Analysis of the UNSW-NB15 Data Set for Network Anomaly Detection Systems using Machine Learning

Matthew · April 19, 2021, 8:24am

1.0 Summary

The UNSW-NB15 data set is a benchmark that can be used to test Network Anomaly Detection Systems. It contains normal network traffic and nine types of attacks both represented by forty- nine features extracted from network traffic flow. In the paper The evaluation of Network Anomaly Detection Systems: Statistical analysis of the UNSW-NB15 data set and the comparison with the KDD99 data-set (hereinafter referred to as the Evaluation Paper), the authors demonstrate the complexity of UNSW-NB15 using three approaches; statistical analysis, feature correlation and five machine learning models (Moustafa & Slay 2016). The results are compared to an older benchmark, namely the KDDCUP1999 data set which does not include modern types of attacks nor network traffic flows (KDDCUP1999 2007).

In addition to repeating the analysis carried out in the Evaluation Paper a Support Vector Machine (SVM) and a Neural Network (NN) model both with tuned parameters are implemented to increase the accuracy and decrease the False Alarm Rate (FAR) of the predictions.

The results obtained agree with those presented in the Evaluation Paper and confirm that the UNSW-NB15 data set is more complex than the KDDCUP1999 data set. Further both the tuned SVM and NN show very high accuracies but there are still an unacceptable number of false positives and negatives.

2.0 Introduction

The aim of this work is to repeat the analysis carried out in the Evaluation Paper and extend it by tuning a Support Vector Machine (SVM) and a Neural Network (NN) model to increase the accuracy and decrease the False Alarm Rate (FAR).

The three approaches used in the Evaluation Paper were statistical analysis, feature correlation analysis and five machine learning model implementations.
The statistical analysis methods were performed with the SPSS tool and include:

i. Kolmogorov–Smirnov (K-S) test
ii. Multivariate Skewness
iii. Multivariate Kurtosis

The correlation methods were performed with SPSS, MatLab and Python and include:
i.

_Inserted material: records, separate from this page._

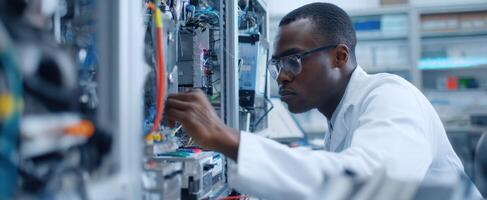 The technician repairing electronic equipment in a modern laboratory environment. photo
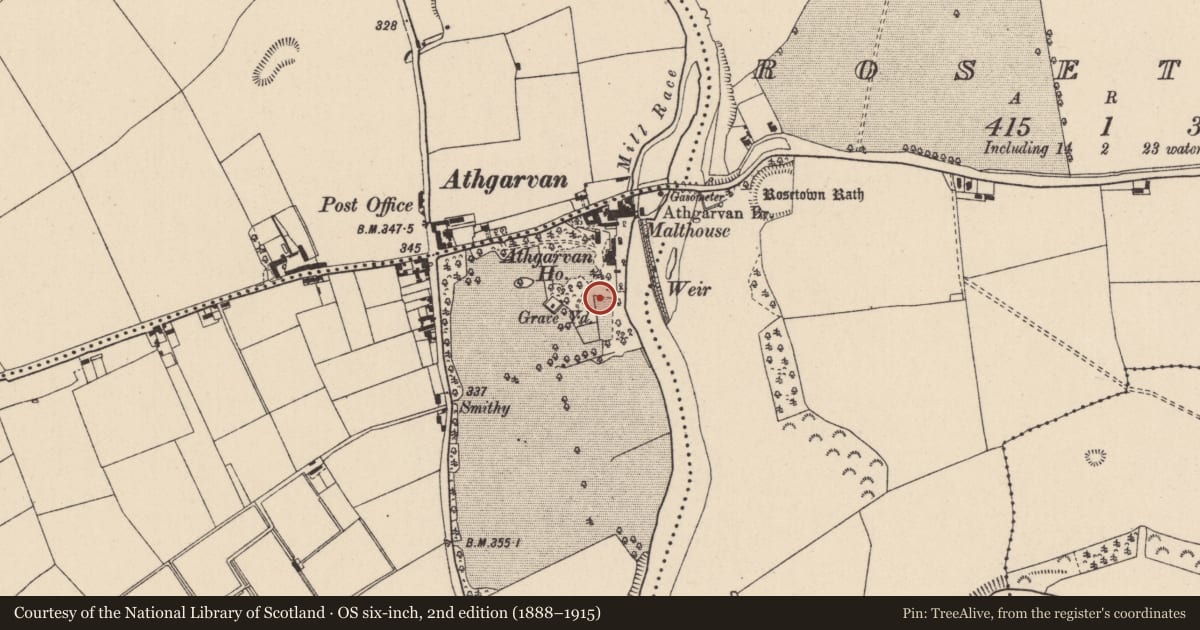Ordnance Survey six-inch map, 2nd edition (1888–1915) covering the location of Church, Blackrath And Athgarvan, County Kildare, with a pin at the register's coordinates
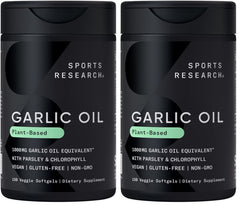 Hero image: Sports Research Odorless Garlic Oil Pills 1000 mg with Parsley and Chlorophyll for a 2-pack.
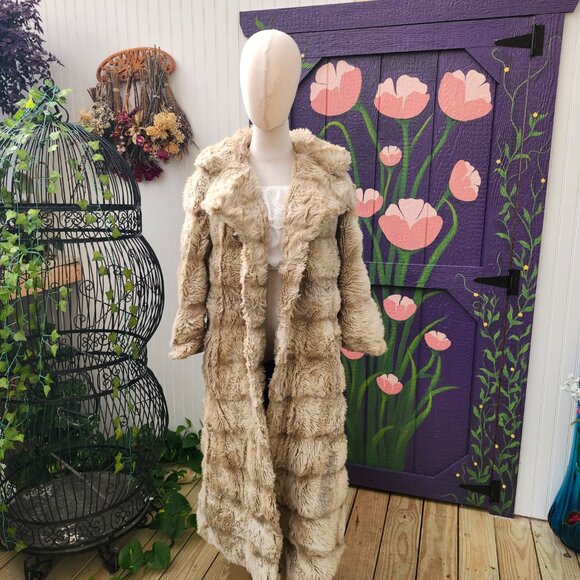 Vintage 1970's Boho Faux Fur Fuzzy Dress Length Coat, AS IS  Needs CLEANED - Picture 2 of 15
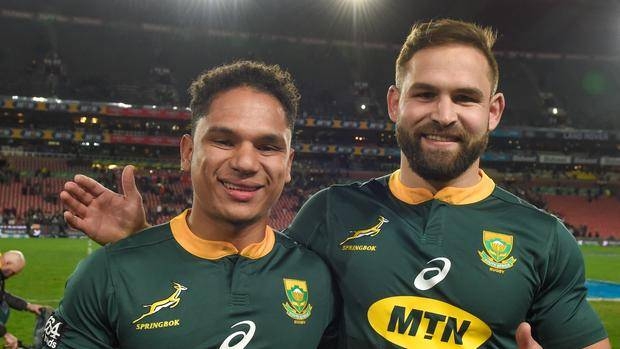South Africas' Herschel Jantjies (L) and South Africa's Cobus Reinach following the victory over the Wallabies at Emirates Airline Park in Johannesburg, in this July 20, 2019 file photo. — Courtesy photo
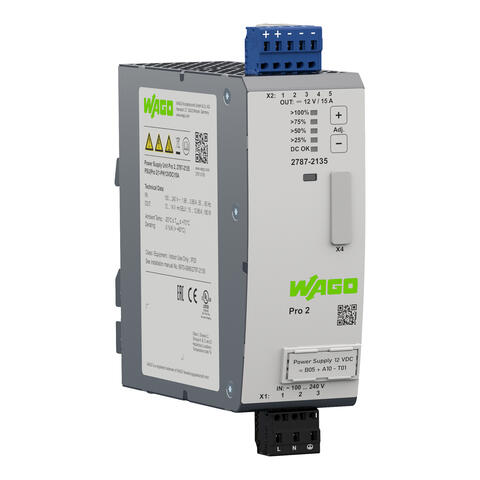 Power supply; Pro 2; 1-phase; 12 VDC output voltage; 15 A output current; TopBoost + PowerBoost; communication capability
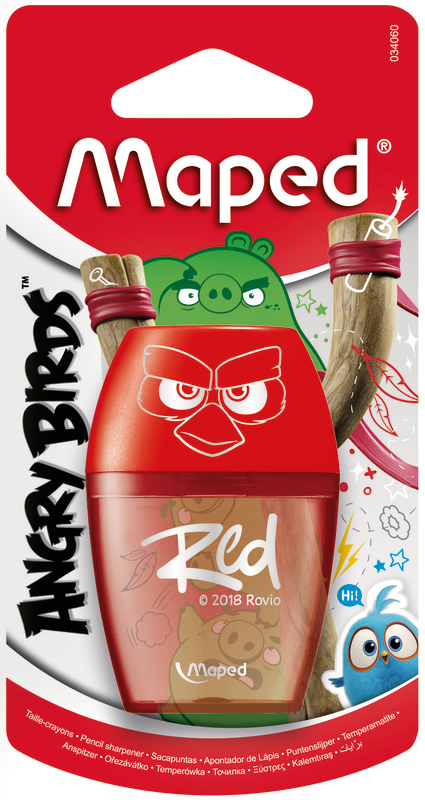 Maped Taille-Crayons Angry Birds 1 Trou Avec Réservoir Pour Crayons À Papier Et De Couleur Standard Translucide Rouge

Pearson Correlation Coefficient (PCC)
ii. Gain Ratio

The machine learning models were implemented with SQL Server and Visual Studio and include: i. i. Naïve Bayes (NB)
ii. Decision Tree (DT)
iii. Neural Network (NN)
iv. Logistic Regression (LR)
v. Clustering

The new SVM was implemented in R and the NN was implemented with SQL Server and Visual Studio.

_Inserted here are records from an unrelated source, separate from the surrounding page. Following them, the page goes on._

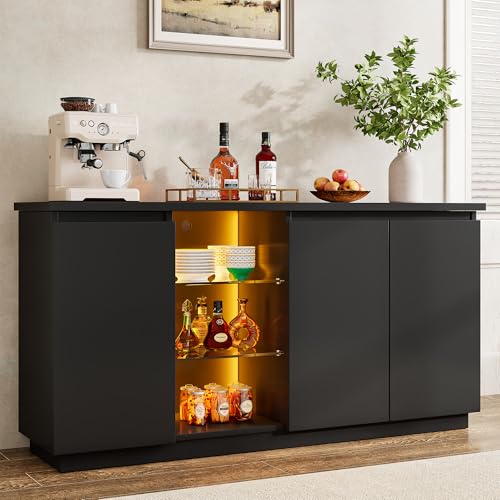 iPormis Sideboard Buffet Cabinet with Storage & LED Lights, Modern Credenza Sideboard With Doors and Adjustable Shelves, 60' Coffee Bar Table Storage Cabinet for Dining Room Kitchen Living Room, Black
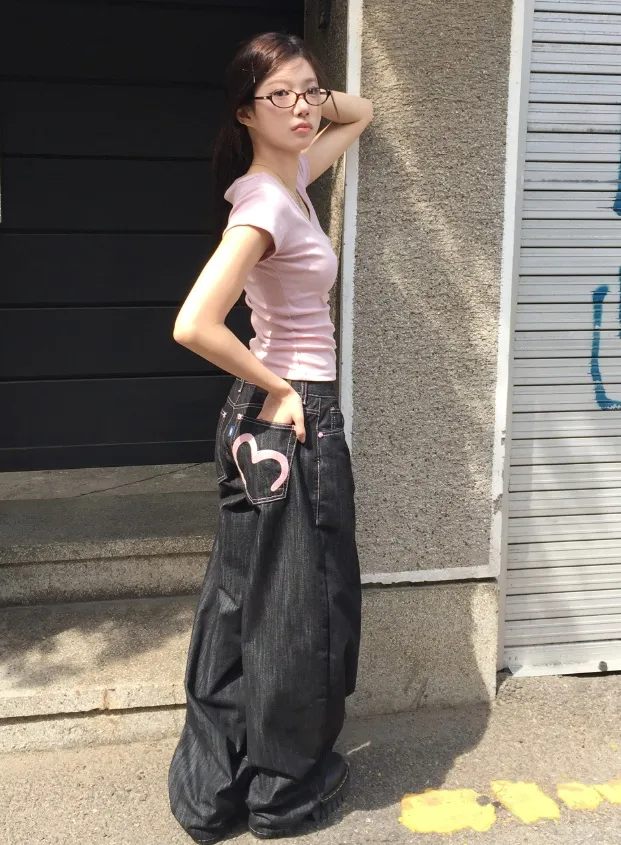 ノンフェードポイントワイドハートデニムパンツ | MODIMOOD | 詳細画像1
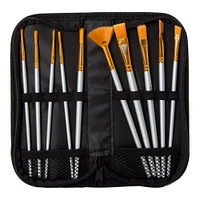 10-piece premium paint brush set with case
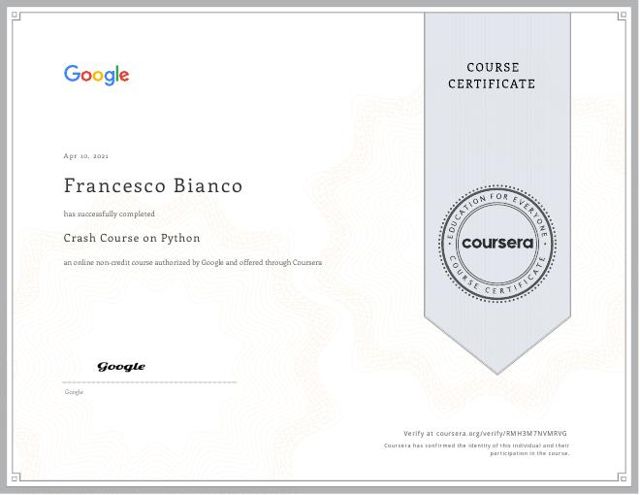 Crash Course on Python certificate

This paper is organised as follows: Section 3.0 Approach outlines the data sets, features and pre-processing used in the analysis. Section 3.1 Statistical Analysis details the statistical tests performed and Section 3.2 Feature Correlation Analysis outlines the PCC and Gain Ratio tests. Section 3.3 Machine Learning implements the models reported in the Evaluation Paper and Section 3.4 details the tuned SVM and NN Models. The results are presented in Section 4.0 and the conclusions are discussed in Section 5.0.

3.0 Approach

There are three features in all of the data sets detailed in Table 1 that are represented by character strings, these features were mapped to integers using the SPSS Transform > Automatic Recode tool (SPSS tool 2020). Specifically, the features mapped are protonum, servicenum and statenum in the UNSW-NB15 data sets and protocol, service and flag features in the KDDCUP1999 data sets, please see Tables 2 and 3. These mapped features were used in all of the statistical analysis’, feature correlations and machine learning models.

Further because the features in the data sets have a large distance between the minimum and maximum values, they were standardized using the Z-Score tool in SPSS, specifically with Analyze > DescriptiveStatistics > Descriptive and using the Save standardised values as variables option.

Screen Shot 2021-04-19 at 3.15.05 pm

Screen Shot 2021-04-19 at 3.15.31 pm

Screen Shot 2021-04-19 at 3.15.41 pm

3.1 Statistical Analysis

The SPSS tool (SPSS tool 2020) was used to analyze the UNSW-NB15 Training and Testing data sets (Moustafa 2018). Table 1 and Table 2 detail the records and features for both the sets. The three techniques used were the Kolmogorov–Smirnov (K-S) test, Multivariate Skewness and Multivariate Kurtosis.

3.1.0 The K-S test is used to compare the probability distributions of the features in the training and testing sets. The results obtained by using the SPSS tool Analyze > DescriptiveStatistics > Explore and Normality plots with tests, agree with those presented in the Evaluation Paper. This illustrates that the probability distributions of the features in the training and testing sets show a strong similarity. Please see Figures 1 and 2 below and Appendix D for the full list of results.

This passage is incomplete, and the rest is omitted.